In the data that follows, count the lines in which the word "near" occurs, and report that figure alone.

─── DATA ───

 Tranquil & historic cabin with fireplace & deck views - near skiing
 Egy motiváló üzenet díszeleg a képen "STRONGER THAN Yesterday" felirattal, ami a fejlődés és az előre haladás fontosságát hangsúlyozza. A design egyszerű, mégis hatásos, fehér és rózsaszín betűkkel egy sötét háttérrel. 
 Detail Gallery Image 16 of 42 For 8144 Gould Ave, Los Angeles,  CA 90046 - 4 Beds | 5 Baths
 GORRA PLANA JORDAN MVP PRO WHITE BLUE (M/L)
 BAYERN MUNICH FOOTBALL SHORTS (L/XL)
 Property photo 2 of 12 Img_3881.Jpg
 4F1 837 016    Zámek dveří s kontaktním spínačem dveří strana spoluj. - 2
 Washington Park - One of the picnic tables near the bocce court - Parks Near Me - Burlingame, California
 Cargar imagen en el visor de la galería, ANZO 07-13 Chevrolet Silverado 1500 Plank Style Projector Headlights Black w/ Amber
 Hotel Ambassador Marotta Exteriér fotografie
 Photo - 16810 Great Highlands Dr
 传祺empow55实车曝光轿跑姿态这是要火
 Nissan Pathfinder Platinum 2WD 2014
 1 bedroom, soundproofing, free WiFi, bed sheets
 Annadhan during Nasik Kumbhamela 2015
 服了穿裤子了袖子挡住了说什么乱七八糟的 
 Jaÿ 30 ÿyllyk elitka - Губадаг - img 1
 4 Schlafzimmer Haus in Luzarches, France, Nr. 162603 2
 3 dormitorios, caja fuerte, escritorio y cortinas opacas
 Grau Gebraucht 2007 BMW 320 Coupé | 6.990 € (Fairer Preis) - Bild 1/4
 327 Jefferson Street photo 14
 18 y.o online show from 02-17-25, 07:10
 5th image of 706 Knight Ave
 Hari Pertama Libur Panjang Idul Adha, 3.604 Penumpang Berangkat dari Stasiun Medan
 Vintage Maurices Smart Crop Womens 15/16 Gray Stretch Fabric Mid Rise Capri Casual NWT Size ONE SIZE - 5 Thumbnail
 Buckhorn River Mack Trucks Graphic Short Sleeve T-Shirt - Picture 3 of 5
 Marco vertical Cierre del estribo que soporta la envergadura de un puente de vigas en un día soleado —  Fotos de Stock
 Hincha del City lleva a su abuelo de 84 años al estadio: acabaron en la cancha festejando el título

───

SOLUTION FOR THIS TASK: 2